TASK TO CARRY OUT ▸ Return nothing except the lines from the one that contains "this 640×480 image." through the end of the material below, each exactly as given.

DATASET CONTENT ▸
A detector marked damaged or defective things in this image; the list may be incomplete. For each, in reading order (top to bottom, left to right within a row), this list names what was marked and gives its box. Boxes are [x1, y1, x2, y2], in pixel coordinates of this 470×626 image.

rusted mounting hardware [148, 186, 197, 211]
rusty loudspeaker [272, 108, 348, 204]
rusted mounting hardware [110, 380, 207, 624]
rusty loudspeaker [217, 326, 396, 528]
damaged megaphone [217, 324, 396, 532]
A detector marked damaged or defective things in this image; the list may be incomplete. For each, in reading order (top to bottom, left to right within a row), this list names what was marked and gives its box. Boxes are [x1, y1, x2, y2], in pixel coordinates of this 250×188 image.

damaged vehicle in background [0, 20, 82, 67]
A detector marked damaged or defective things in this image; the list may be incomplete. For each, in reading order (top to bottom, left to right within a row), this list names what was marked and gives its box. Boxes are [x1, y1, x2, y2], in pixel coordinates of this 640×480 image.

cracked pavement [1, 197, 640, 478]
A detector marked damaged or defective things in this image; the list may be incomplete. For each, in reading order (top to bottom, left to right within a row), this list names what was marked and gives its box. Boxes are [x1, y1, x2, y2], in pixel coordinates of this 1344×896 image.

REPLY TO THE TASK ▸
A detector marked damaged or defective things in this image; the list may be incomplete. For each, in reading order (top to bottom, left to right within a row), this list names what was marked and gives its box. Boxes are [x1, y1, x2, y2], in pixel coordinates of this 640×480 image.

cracked pavement [1, 197, 640, 478]
A detector marked damaged or defective things in this image; the list may be incomplete. For each, in reading order (top to bottom, left to right within a row), this list names what was marked and gives its box. Boxes are [x1, y1, x2, y2], in pixel coordinates of this 1344×896 image.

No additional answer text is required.